Goldman Sachs, JP Morgan Chase, Morgan Stanley, American Express, Bank of New York Mellon, BB&T, Capital One, State Street and US Bancorp have all repaid the government and have passed their stress test.
Bush spent $350 billion of the $700 billion in TARP funds. He passed the other $350 billion on to Obama. A total of $600 billion has been drawn down so far, and the new stimulus will reach the $700 billion limit. There will be some losses from TARP, but 80 of the funds are expected to be repaid. The results of the first stimulus appear woeful when compared to TARP.
Once again, the Obama administration is claiming they will use $150 billion of the $200 billion in repaid loans for its new stimulus style jobs program. “This concept that ‘TARP money’ can be used is a total fraud,” says Senator Judd Gregg (R-NH). “It’s nothing more than political cover. There is no TARP money to use. TARP was authorized to draw down debt by $700 billion. They’ve drawn down about $600 billion, so theoretically there is $100 billion more they could draw down, but then they would have to issue more debt.”
There are some good aspects of his program (the zero capital gains rate for small businesses during a one year period), but many parts are as misguided as the first stimulus. The money will be going for infrastructure spending on highways, railroads, bridges, tunnels, airports and seaports, but all of this is just adding to the deficit.
What Obama is doing is a bait-and-switch, if not an outright violation of the public trust. Rep. Jeb Hensarling (R-TX), the only Member of Congress on the TARP Congressional Oversight Panel, says it is “unacceptable to turn TARP into a permanent revolving slush fund available to advance any liberal cause the president sees fit.”
The Congressman says the money saved shouldn’t just be spent elsewhere. “That money belongs to the taxpayer. The stimulus law says funds repaid go to the Treasury,” he said, adding, “I’m sure I could find millions of reasons to spend money that we do not have.”
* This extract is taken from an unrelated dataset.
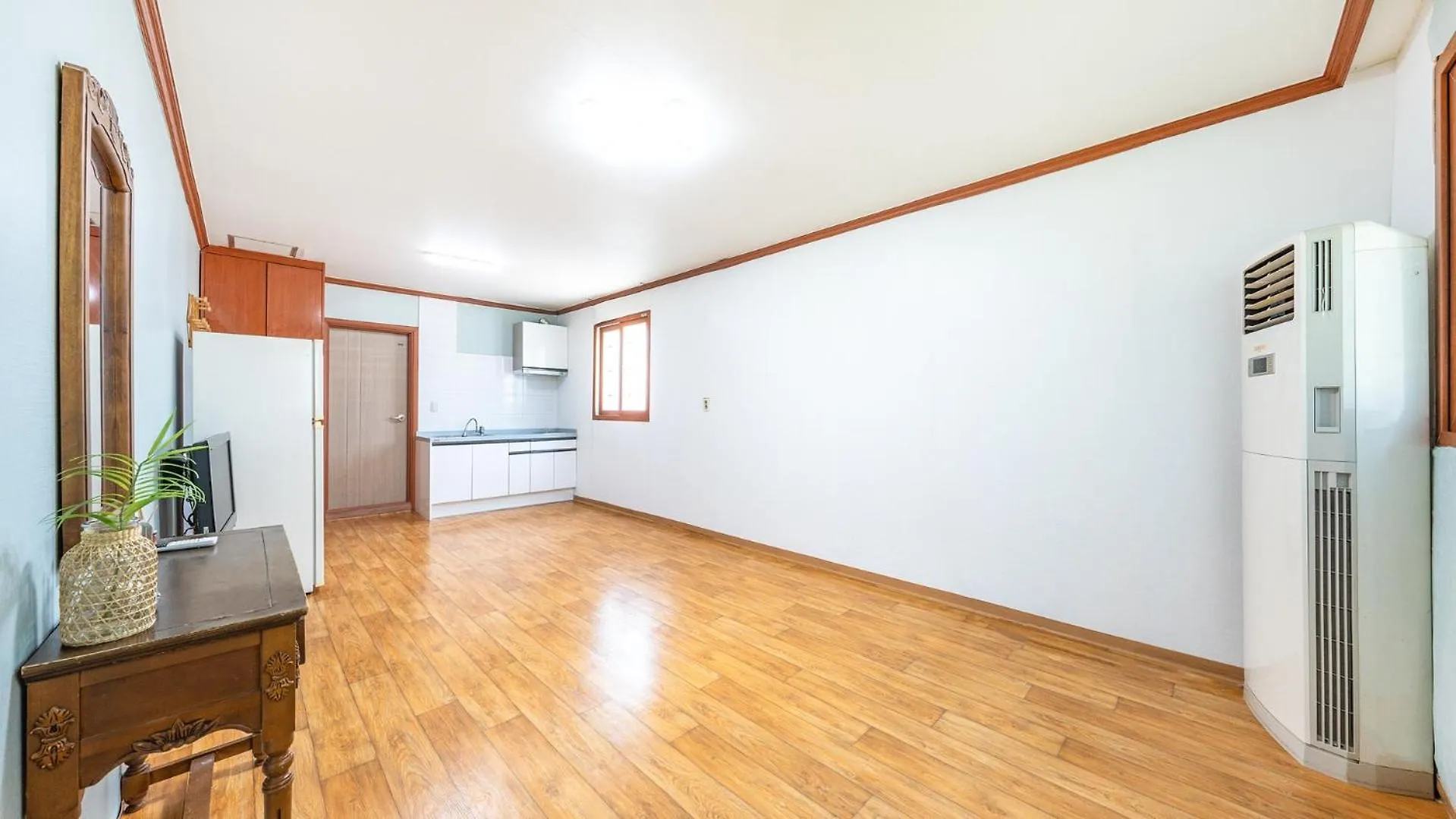 Guest house Ganghwado Byeolbatjigi Pension Incheon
The most useful thing Congress can do with that $200 billion? Reduce the federal debt before it gets so out of hand, inflation and interest rates explode and “we look longingly at the Carter years. . . Nothing else they can do could have a more benevolent impact on job creation,” Hensarling said. Hensarling voted against both Bush economic packages in September and October of 2008.
Senator Gregg agrees with him that the TARP law is clear. The New Hampshire Republicans says “Using these funds for stimulus projects is not legally allowed. The law is precise — I wrote it. The funds are meant to address systemic risk and financial crises. Building roads and giving dollars to local projects is not that. The money they want to use doesn’t exist.”
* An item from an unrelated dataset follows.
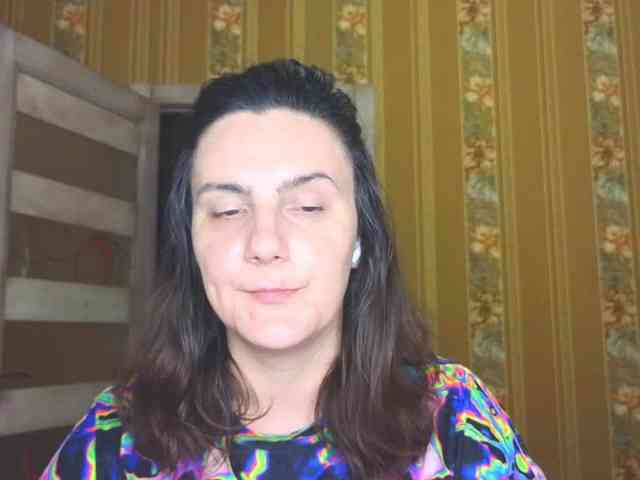 Secret_Smile webcam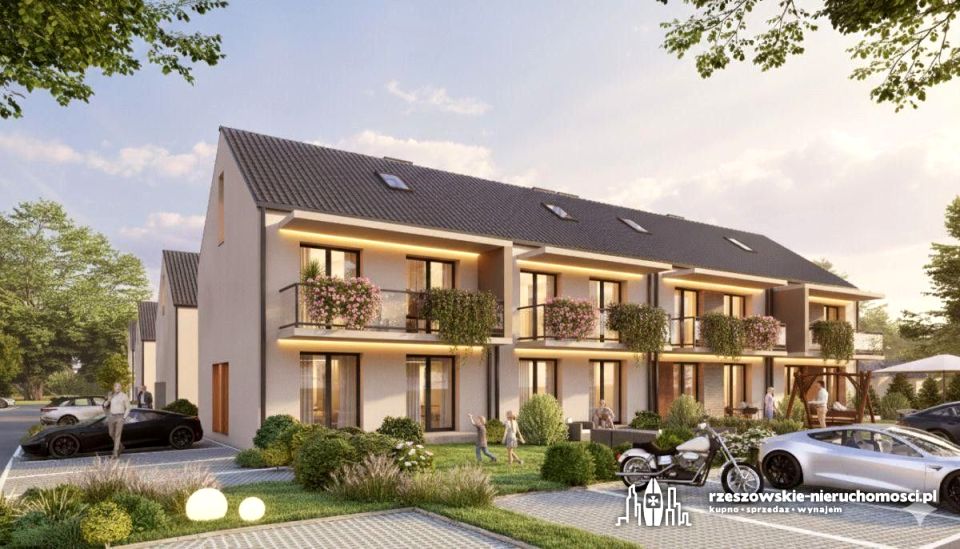 Mieszkanie Rzeszów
There will be a positive return from the government’s TARP investments in banks. The AIG, GM and Chrysler loans, however, are expected to be a loss. The Government Accountability Office yesterday said that U.S. taxpayers will lose $30.4 billion from the auto-industry bailout, down from a prior estimate of $43.7 billion. The GAO report predicted a similar loss of $30.4 billion from AIG.
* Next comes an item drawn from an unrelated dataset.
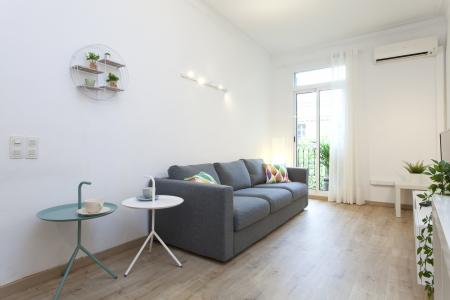 Apartment for Rent in Barcelona Trafalgar - Urquinaona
PHOTO: Executives from the financial institutions who received TARP funds, (L-R) Goldman Sachs Chairman and CEO Lloyd Blankfein, JPMorgan Chase & Co CEO and Chairman Jamie Dimon, The Bank of New York Mellon CEO Robert P. Kelly, Bank of America CEO Ken Lewis, State Street Corporation CEO and Chairman Ronald Logue, Morgan Stanley Chairman and CEO John Mack, Citigroup CEO Vikram Pandit, Wells Fargo President and CEO John Stumpf testify before the House Financial Services Committee on February 11, 2009.